Until late on Saturday evening, Peter Cruddas was an acceptable and even agreeable face of the modern Conservative Party. The son of a Smithfield meat market trader, he grew up on the Bracklyn Court Estate in Hackney and left school at 15 with no qualifications. Within 20 years his financial wizardry had generated a personal fortune of hundreds of millions.

This rags-to-riches tale is strikingly similar to that of David "Spotty" Rowland, Cruddas's predecessor as Tory treasurer. He too never sat for an O-level, and when 15 was convicted of petty larceny at a juvenile court in Wimbledon for stealing £2 worth of goods. He resigned from Tory high command in disgrace after just two months in post, following revelations about his business practices.

Now Cruddas has gone after brave, inspirational Sunday Times reporters proved beyond doubt that David Cameron and George Osborne are men whose ear and time can be bought for the right price.

Four points come to mind. First, the statement released by the Tories – "Donations to the Conservative Party do not buy party or government policy" – might have been necessary, but will probably haunt them in the future. Second, it is not just voters who have been wronged. It is the other lobbyists and ambassadors of the moneyed interest who were willing to pay vast sums for the chance to sip fizz in Downing Street.

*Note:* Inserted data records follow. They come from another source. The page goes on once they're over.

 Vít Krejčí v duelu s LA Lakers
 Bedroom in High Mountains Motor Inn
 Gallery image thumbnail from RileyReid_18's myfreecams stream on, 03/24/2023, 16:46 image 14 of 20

Third, it cannot be stated enough that Cruddas would not have said what he said to the undercover reporters unless there is a culture within the party, and our politics more generally, of shady deals, corporate purchase of influence, cash for access to Cameron and Osborne, and corruption generally. He simply cannot have said what he did unless his words, or something very close to them, are fundamentally true.

Poll after poll suggests the public think David Cameron, the Etonian son of a stockbroker who married into the aristocracy, and George Osborne, impish heir to a baronetcy, have no idea what life is like for most ordinary folk.

In an astonishing, under-reported and ultra-personal attack, Tory MP Nadine Dorries told the Financial Times this month: "The problem is policy is being run by two public school boys [Cameron and Osborne] who don't know what it's like to go to the supermarket and have to put things back on the shelves because they can't afford it for their children's lunchboxes. What's worse, they don't care either."

The fourth point is this: the charge that government of the rich, by the rich, for the rich rules in Austerity Britain is getting very hard to refute.